Les animations duales de toutes les animations synthétiques présentées sur cette page sont affichées en troisième colonne des deux pages visibles dans une fenêtre à part. La dualité permet en particulier de savoir quels mouvements doivent être observés pour obtenir une photo-finish particulière. Ainsi, les photos-finish des animations ci-contre font apparaître des images apparemment "normales" présentant des configurations spatiales que l'on croyait impossibles. Elles sont en fait les empreintes des mouvements observables dans les photos-finish animées. Pour obtenir un manège à canards, il faut donc deux files de canards avançant en sens contraire, dont une à reculons ! Pour obtenir une file de canards inclinée (un escalator), il faut une file de canards horizontale montant en diagonal (un téléphérique).

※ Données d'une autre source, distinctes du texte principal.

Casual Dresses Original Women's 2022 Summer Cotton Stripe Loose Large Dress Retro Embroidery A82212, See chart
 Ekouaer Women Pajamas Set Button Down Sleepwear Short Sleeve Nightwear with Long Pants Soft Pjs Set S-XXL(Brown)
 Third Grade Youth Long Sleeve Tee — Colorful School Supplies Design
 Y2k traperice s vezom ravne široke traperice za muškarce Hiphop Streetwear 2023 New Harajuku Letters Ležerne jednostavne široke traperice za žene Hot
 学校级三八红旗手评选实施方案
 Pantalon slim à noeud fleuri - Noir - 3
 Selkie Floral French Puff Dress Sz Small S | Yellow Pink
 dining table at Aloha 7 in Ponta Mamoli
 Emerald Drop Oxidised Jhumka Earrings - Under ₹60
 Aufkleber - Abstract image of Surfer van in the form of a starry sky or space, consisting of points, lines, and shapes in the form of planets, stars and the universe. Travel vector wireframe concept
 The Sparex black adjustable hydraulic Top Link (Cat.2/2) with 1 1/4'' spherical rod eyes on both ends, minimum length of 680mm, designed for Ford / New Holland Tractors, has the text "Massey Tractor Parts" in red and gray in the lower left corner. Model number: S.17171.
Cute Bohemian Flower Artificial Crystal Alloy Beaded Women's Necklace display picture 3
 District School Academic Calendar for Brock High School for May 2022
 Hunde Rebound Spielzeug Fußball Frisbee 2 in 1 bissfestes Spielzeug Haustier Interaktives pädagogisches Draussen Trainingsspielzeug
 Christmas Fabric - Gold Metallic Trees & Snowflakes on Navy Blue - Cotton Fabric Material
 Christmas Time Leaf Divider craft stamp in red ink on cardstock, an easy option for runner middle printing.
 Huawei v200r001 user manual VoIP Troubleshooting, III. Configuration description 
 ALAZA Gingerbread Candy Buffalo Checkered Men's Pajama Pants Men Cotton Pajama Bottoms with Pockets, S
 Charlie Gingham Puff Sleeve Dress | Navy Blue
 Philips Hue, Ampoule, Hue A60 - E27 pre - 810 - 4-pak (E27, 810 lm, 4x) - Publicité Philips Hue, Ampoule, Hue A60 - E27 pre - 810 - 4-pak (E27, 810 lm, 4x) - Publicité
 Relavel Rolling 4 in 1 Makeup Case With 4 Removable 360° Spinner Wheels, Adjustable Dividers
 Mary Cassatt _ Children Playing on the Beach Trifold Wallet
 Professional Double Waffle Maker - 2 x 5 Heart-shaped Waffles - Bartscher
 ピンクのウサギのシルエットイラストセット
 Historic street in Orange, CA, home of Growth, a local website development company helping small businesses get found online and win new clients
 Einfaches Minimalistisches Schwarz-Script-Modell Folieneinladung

Photo-finish et interprétation artistique
Pour qui n'a jamais vu
de photo-finish, une série de tableaux telle que la Montée de
Saint-Paul peut faire penser que les "déformations" singulières
observées au niveau des personnages sont le fruit de l'imagination
débordante d'un artiste atypique. Et comme ces formes sont gouvernées
par les lois d'une certaine physique, il émanera d'un ensemble de
tableaux réalisés selon la même technique, une cohérence
indéfinissable derrière laquelle d'aucuns ne manqueront pas de déceler
la "patte de l'artiste". Or, si patte il y a
derrière les formes platoniciennes que j'ai eu l'honneur de présenter dans cet article, il ne peut s'agir que de celle de l'Esprit
universel lui-même, Grand Démiurge du Temps et de l'Espace !
Pour autant, si les formes visibles dans une photo-finish ont le statut de réalité objective, le thème abordé, la composition de l'œuvre (choix des sujets et de leurs mouvements, cadrage dans l'espace et dans le temps), la technique utilisée etc. sont du seul ressort de l'artiste. Et il suffit de comparer les travaux de deux artistes photographes contemporains tels que Michael Golembewski ou Jay Mark Johnson pour constater que la photo-finish est au moins aussi riche que la photographie "classique" en terme de potentialité d'expression.